Along with spanakorizo and kounoupidi kapama (braised cauliflower) fasolakia  (Greek word for green beans) are one of the simplest and tastiest meals you can make.

It can be served as a “one pot wonder” or added to the table as part of a more elaborate spread.

Traditionally, this dish is made in the summer months where green beans are plentiful and tomatoes are at their peak.

However there is nothing stopping you enjoying fasolakia in the cooler months. Think of it as a hearty vegetarian braise.

green beans

Greek style fasolakia


Greek fasolakia with feta cheese

In the many times I enjoyed this growing up, my mum would usually add potatoes to make it more of a meal. And boy was it filling!

In today’s version I’ve opted to use sweet potatoes. I was a little wary of using them initially but in the end I’m glad I did. The sweet potatoes may have softened a lot more than regular potatoes but they added a pleasant additional sweetness to the whole profile of the dish.
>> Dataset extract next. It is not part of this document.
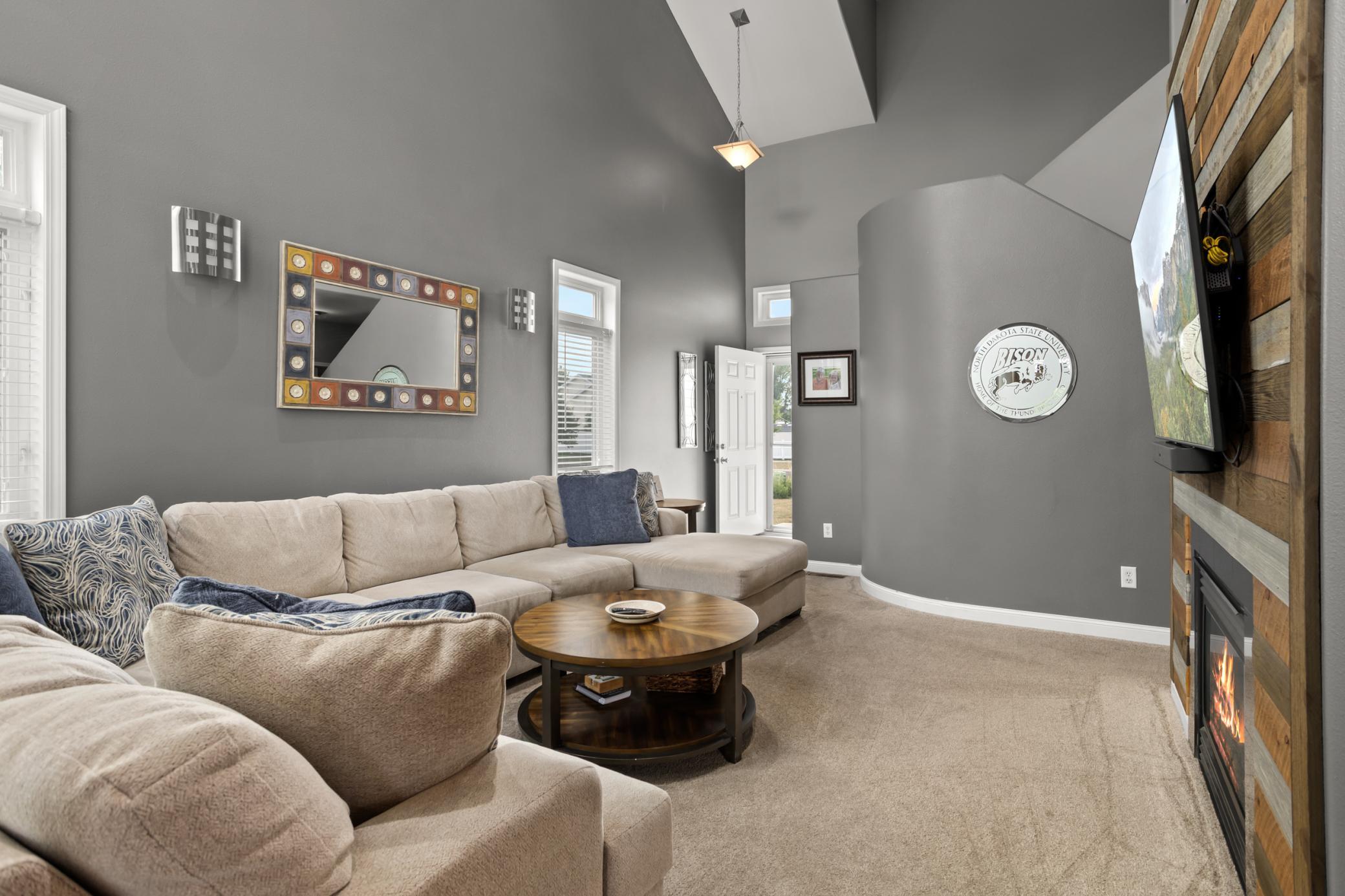 2006 twin home for sale at 4379 47th Avenue S in Fargo, ND — 4 bed, 3 bath (photo 10 of 45)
I’ve used a whole lot pf parsley in this plus I’ve added a little mint and dill.

Serve it up with a block of feta cheese on the side and that other Greek favourite-crusty bread! It’s mandatory to use the bread to wipe up all that beautiful sauce.

Greek style braised green beans

Greek style braised beans


Serves 4-6


  • 1/2 cup olive oil
  • 1 onion finely diced
  • 2 cloves garlic, minced
  • 1 x 400 gram can of tinned tomatoes
  • 2 tbsp tomato paste
  • 1 large sweet potato chopped into even, rough chunks
  • 500 grams green beans, ends trimmed
  • 1 cup flat leaf parsley finely chopped
  • 3 tbsp fresh mint, finely chopped
  • 1-2 tbsp freshly chopped dill
  • 2 cups water approx.
  • salt and pepper to season


  1. Heat the olive oil over a medium high heat in a large saucepan and add the onion and garlic and cook till soft (approx 2-3 mins). Add the tinned tomatoes and tomato paste and cook for another 5 mins.
  2. Add the sweet potatoes and stir thoroughly to combine. Add the green beans ON TOP of the potatoes and do not stir.
  3. Add the parsley, mint and dill and enough water (depending on the size of your pot-mine needed 2 and a bit) to just cover the beans. Allow to cook for 15 mins, stir all the ingredients, season with salt and pepper and lower the heat to a low setting. Cook for a further 30 mins (45 mins in total) till the beans are tender.
  4. Serve immediately with feta cheese and plenty of bread.